Top of AVAILABLE DATA
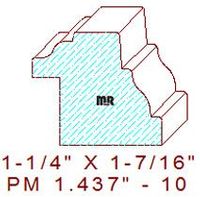 Panel Moulding 1-7/16" - 10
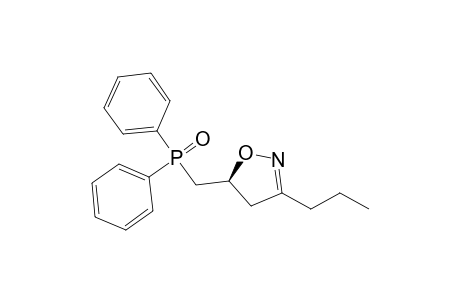 5-Diphenylphosphinoylmethyl-3-propyl-4,5-dihydroisoxazole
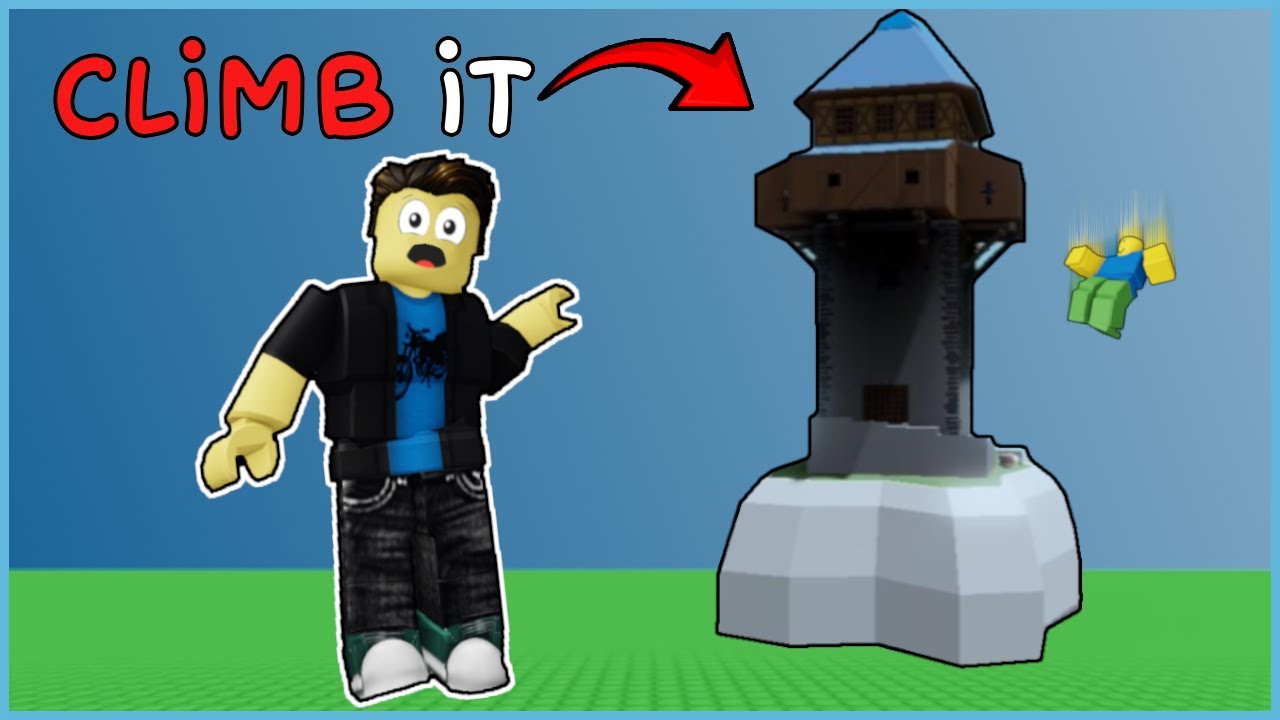 I climbed the Roblox MINIGAME TOWER...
Bottom of AVAILABLE DATA
REQUIRED ACTION — Would you please copy the listing exactly, omitting every picture?

OUTPUT —
 Panel Moulding 1-7/16" - 10
 5-Diphenylphosphinoylmethyl-3-propyl-4,5-dihydroisoxazole
 I climbed the Roblox MINIGAME TOWER...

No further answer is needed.